● Task statement: Return the lines of the data below exactly. Start at the first and end with the line containing "Department of Pediatrics".

● Entries shown:
──────
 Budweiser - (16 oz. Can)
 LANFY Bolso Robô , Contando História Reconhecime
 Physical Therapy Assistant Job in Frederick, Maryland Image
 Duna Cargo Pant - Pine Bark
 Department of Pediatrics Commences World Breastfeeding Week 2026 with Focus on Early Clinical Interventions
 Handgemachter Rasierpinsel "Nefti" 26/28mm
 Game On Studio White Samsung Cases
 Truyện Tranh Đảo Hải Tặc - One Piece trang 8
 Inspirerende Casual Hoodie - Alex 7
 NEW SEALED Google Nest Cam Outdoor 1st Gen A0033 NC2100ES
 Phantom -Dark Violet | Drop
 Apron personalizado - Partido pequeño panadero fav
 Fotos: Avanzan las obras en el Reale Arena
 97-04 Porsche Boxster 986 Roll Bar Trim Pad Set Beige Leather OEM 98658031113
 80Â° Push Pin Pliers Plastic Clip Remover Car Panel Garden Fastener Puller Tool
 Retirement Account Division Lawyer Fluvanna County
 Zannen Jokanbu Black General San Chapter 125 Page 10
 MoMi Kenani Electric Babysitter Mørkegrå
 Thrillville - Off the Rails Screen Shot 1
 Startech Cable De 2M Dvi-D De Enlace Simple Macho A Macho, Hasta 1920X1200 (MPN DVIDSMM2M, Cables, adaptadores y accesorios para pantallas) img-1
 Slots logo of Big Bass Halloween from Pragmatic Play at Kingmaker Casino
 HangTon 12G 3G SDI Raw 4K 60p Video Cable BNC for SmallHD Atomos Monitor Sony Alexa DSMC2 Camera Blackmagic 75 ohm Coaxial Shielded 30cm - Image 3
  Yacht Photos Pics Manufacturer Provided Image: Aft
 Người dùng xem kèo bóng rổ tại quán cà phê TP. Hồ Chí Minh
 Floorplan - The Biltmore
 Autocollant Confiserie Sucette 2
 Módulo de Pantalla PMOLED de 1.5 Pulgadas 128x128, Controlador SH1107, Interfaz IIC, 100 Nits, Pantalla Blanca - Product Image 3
──────
● Completed task:
 Budweiser - (16 oz. Can)
 LANFY Bolso Robô , Contando História Reconhecime
 Physical Therapy Assistant Job in Frederick, Maryland Image
 Duna Cargo Pant - Pine Bark
 Department of Pediatrics Commences World Breastfeeding Week 2026 with Focus on Early Clinical Interventions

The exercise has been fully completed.